English Garden Dreams
Travel through the English countryside and strolls through English gardens and homes are two of my favorite things to do in the world. While finding the time and resources to do these can be tricky, Virginia's Hunt Country offers easy access in the form of a perfect day trip.
The Mellon Estate, Oak Spring, in Upperville, Va, set amongst rolling hills and hedgrow-ed, unmarked byways, nestles into a natural landscape that Capability Brown would have envied. Twice a year the private garden, greenhouse, and a small portion of the house are opened to the public. I've tried many times to get a ticket, but they sell out so fast it's almost impossible. Yet hope spring eternal, and this June, Katherine (my daughter) and I made it! And I think you should try, too. The Spring tour sells out ridiculously fast, but this summer one is worth the wait.
Firstly, driving to Oak Spring is very much like a drive through the English countryside. This landscape, filled with sprawling horse farms, is a culture and lifestyle all its own. The roads are discreet. The fences are mostly stacked stone. And the entrances to these estates are quietly exclusive. The name of the estate may be printed on a small signpost. The entrace may be gated. A few may have lions and pillasters to announce them, but for the most part, the culture here is quiet and content to stay that way.
Upon entering the Mellon estate, you'll be greeted by staff that, in some cases, date back to the days when Bunny lived here (she died in 2014). Their love of the property and sharing it with others is contageous.

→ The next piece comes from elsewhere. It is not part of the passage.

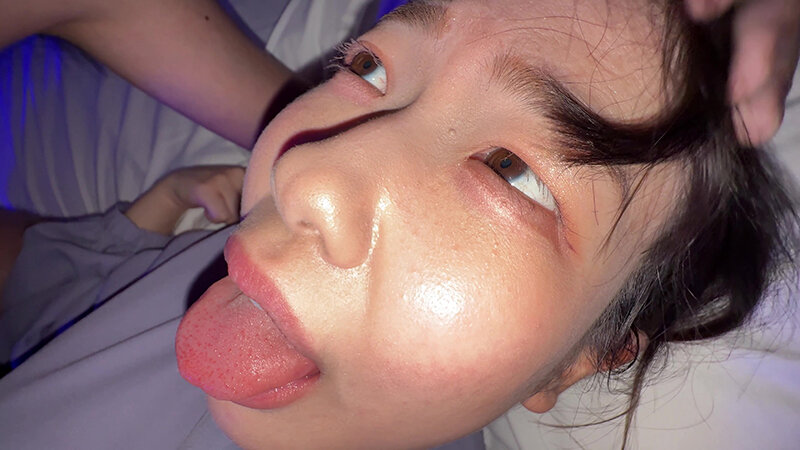 「【谷田かりな】素人お姉さんをナンパしてディープキス！濃厚キス好き必見の個人撮影動画」のサンプル画像7枚目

WARNING: Parking is exclusively in fields. And it was pouring the day we were there. We had no problem in our low-slung car, but I wish I'd driven our 4WD.
The tour begins at the stables, which have been fitted out as guest rooms for attendees to their many conferences and training programs. Overhead, amongst the rafters of the encircling logia, are the names of the many racehorses bred there.
Follow the path from the stables toward the gallery (which houses rotating collections ranging from botantical prints to remembrances of the Kennedys) and gift shop (we stopped in for umbrellas - yes, we were completely unprepared for the weather!).
And from there it's an easy stroll, through the fields, to the Main House.
En route we noticed a sign showcasing the original Mellon home on the property, known as The Brick House. The Brick House was an impressive, yet stiff and predictable, Palladian style - nothing like the sense of rambling history, at one with its surroundings, like what Bunny ultimately created.
THE PATIO & ENTRY:
I loved the seemingly careless way plants and herbs grow up through the chinks in the stone and brickwork. It honestly made me feel much better about my own patios!
We didn't get a tour of the house, but we entered the garden through the side entrance, which led to a perfectly proportioned, brick-floored foyer. The graciousness and comfort of this home, as expansive and costly as it is, makes it surprising livable.
Baskets and cut flowers were everywhere. Looking through the mirror behind this bouquet, you get a sense of the proportions of the foyer.
This photo doesn't do it justice, but there were two corridors leading off the foyer. This one leads to a children's wing. We were not allowed to leave the bricked floor, but could see down these hallways. The other corridor leads to the formal rooms of the house, including a swooping-staircased front hall, with the dining room beyond. I was too intimidated to take pictures of that - the docent at that entry was Bunny's former butler, still in residence here. He was gracious and charming, but it just felt too intrusive to take a picture over his shoulder...
THE WALLED GARDEN:
I loved this creamy treatment of the doors with the white trim. The combination balances with and mimics the tones of the stone beautifully. The unruly plantings add to the sense of all of this happening naturally.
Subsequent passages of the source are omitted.